(Exercise objective): Write the records out again exactly as they read, dropping any picture they hold.

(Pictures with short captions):
◆ ◆ ◆ ◆

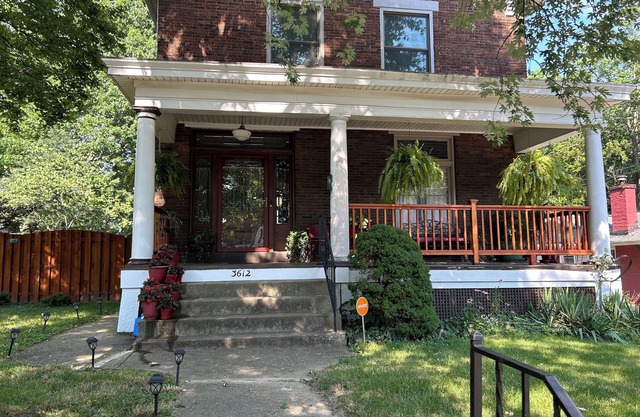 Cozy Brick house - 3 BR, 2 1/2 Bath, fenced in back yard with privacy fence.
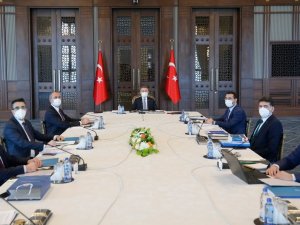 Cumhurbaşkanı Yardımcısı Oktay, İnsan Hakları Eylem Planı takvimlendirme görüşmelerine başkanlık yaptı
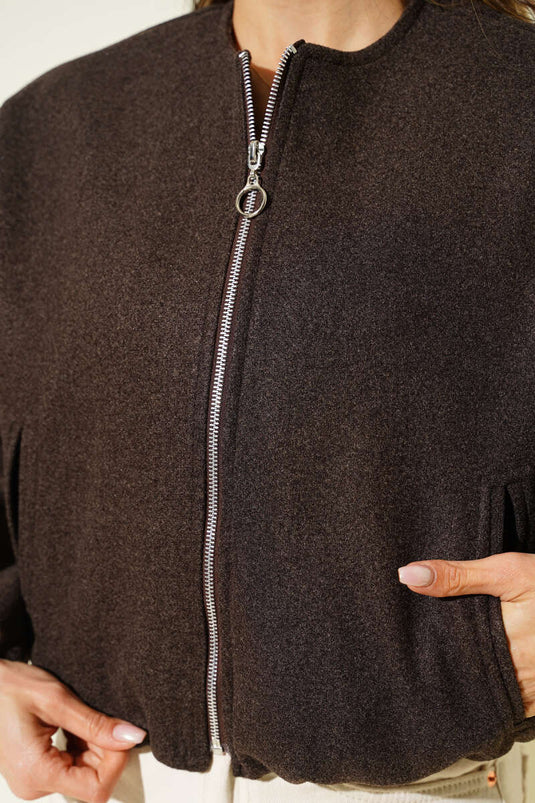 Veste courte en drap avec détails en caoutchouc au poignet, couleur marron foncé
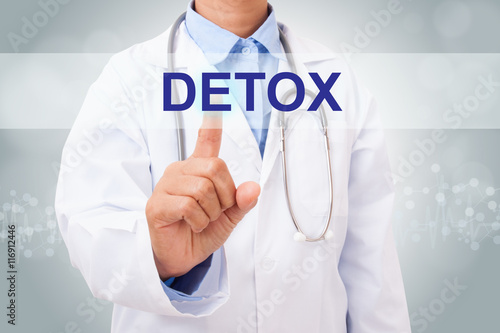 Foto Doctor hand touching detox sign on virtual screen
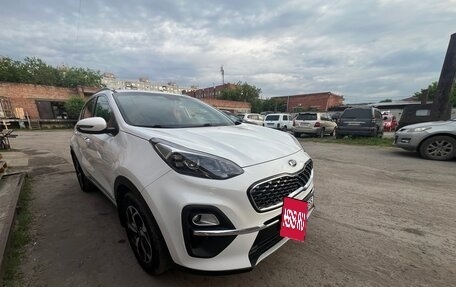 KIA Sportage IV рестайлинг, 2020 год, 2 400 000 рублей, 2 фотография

◆ ◆ ◆ ◆

(Task response):
 Cozy Brick house - 3 BR, 2 1/2 Bath, fenced in back yard with privacy fence.
 Cumhurbaşkanı Yardımcısı Oktay, İnsan Hakları Eylem Planı takvimlendirme görüşmelerine başkanlık yaptı
 Veste courte en drap avec détails en caoutchouc au poignet, couleur marron foncé
 Foto Doctor hand touching detox sign on virtual screen
 KIA Sportage IV рестайлинг, 2020 год, 2 400 000 рублей, 2 фотография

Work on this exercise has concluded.